What are intrinsics?

Todd

#14588

March 18, 2018

Can someone explain to me what intrinsics are and what they are for?

MSDN says that they are "inline code rather than a function call."

So are they essentially implemented as a label with no stack setup/teardown? What is the purpose for this and how are they used? Thanks.

Edited by Todd on March 18, 2018, 8:27am Reason: Initial post

Mārtiņš Možeiko

#14589

March 18, 2018

Typically language abstracts the CPU it is compiling for. So you can write very complex operations (array[index]->member->x = 0) without worrying what kind of machine instructions will be generated. Sometimes this is good. But sometimes bad. Sometimes you simply cannot express in C (or whatever language) the thing you want compiler to generate. One good example is rotate instruction. Most modern architectures (x86, arm) can rotate 32 or 64 bits in register by constant amount. But you you can express this in C? For shifting it is easy, you simply write "x >> 1". But there is no C operator for rotate.

You could write (x >> n) | (x << (32-n)), but then you would depend on compiler optimizer to not mess up and optimize it properly to rotate instruction. And in debug build it would still generate a lot of operations, because it doesn't optimize, obviously.

One way how to fix this problem is to use inline assembler. You can explictly write instruction that does what you want, figure out how to tell inline assembler to use your variables and you're good. Unfortunately there are a some issues with this. Sometimes compiler will have a hard time optimizing around your inline assembly fragment. Because it treats your assembly block as "black block" - it cannot optimize it, for example, by rearranging instructions.

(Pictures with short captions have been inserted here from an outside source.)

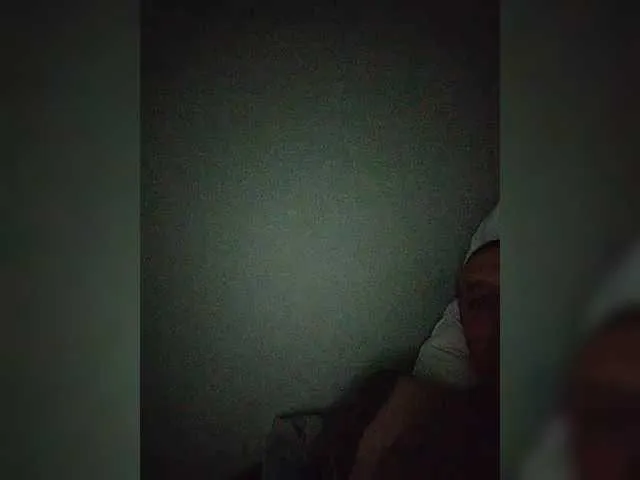 sexlove12002 – webcam model profile photo Image 3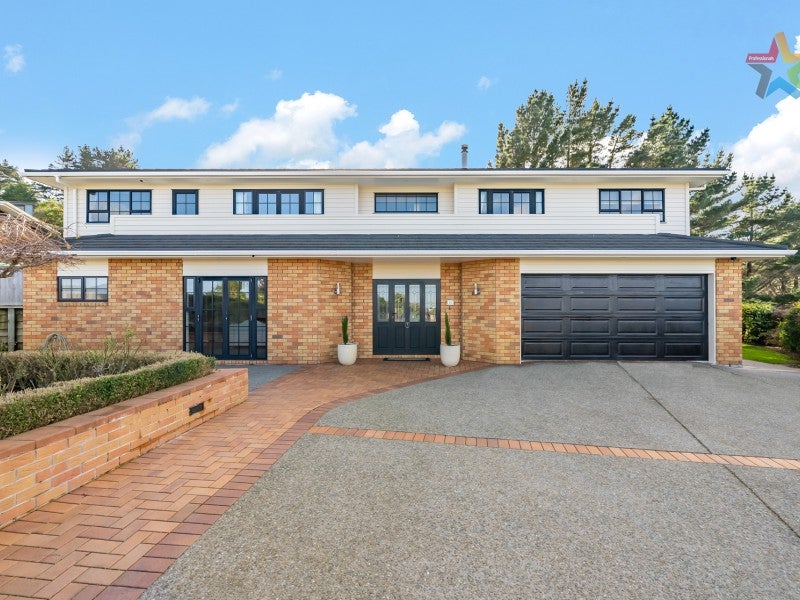 44 Arahiwi Grove, Tirohanga, Lower Hutt - Carousel 2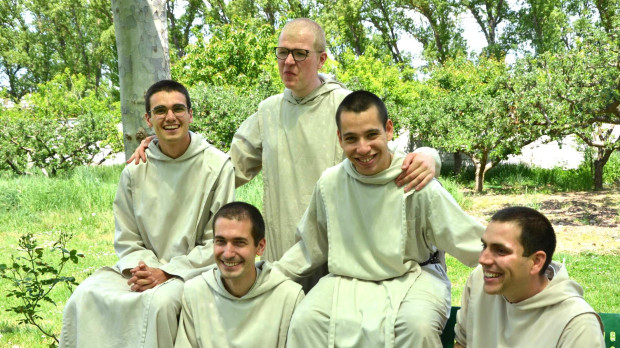 Algunos de los monjes de Verbum Spei que se acaban de asentar en Burgos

That's where intrinsics come to help. They look like regular functions, but they don't generate call to function. Compiler recognizes these "functions" as a way you telling it - "please generate instruction X at this point". It knows what instruction generate from name of intrinsic. But it can optimize much better, because it understands what intrinsic does and it sees all the arguments, how they are passed, created, etc...

Back to rotate example - in x86/x86_64 MSVC provides _rotl and _rotr instrinics (in intrin.h header). If you use them like this:

1 2	unsigned int x = 123; unsigned int y = _rotr(x, 5);

Then compiler will know that you want to generate "ror" instruction with rotate count 5, and it will generate appropriate register allocation so variable "x" gets passed/used in input to ror instruction, and output of it is used as "y".

Again, whats good about this is that compiler has full visibility of whats going on. In my example above compiler will actually optimize code to this:

1	unsigned int y = 0xd8000003;

Because it knows you are rotating by 5. So there's no point of doing this at runtime, if input is constant value. Which it cannot do if you use inline assembly.

Same thing applies to SSE/AVX intrinsics, or math.h intrinsics like fabs.

There are other advantages to intrinsics. Most of them are portable between compilers - you can use same ones for GCC and MSVC. Which again you cannot do with inline assembly. Some of intrinsics are also portable between architectures - like GCC's __builtin_bswap32, which will swap bytes in 32-bit integer.

Edited by Mārtiņš Možeiko on March 18, 2018, 8:47am

Todd

#14601

March 18, 2018

Thanks Martins! That was a beautiful explanation. I hadn't yet touched this space because I've either written C or asm but never needed to optimize yet. This makes a lot of sense.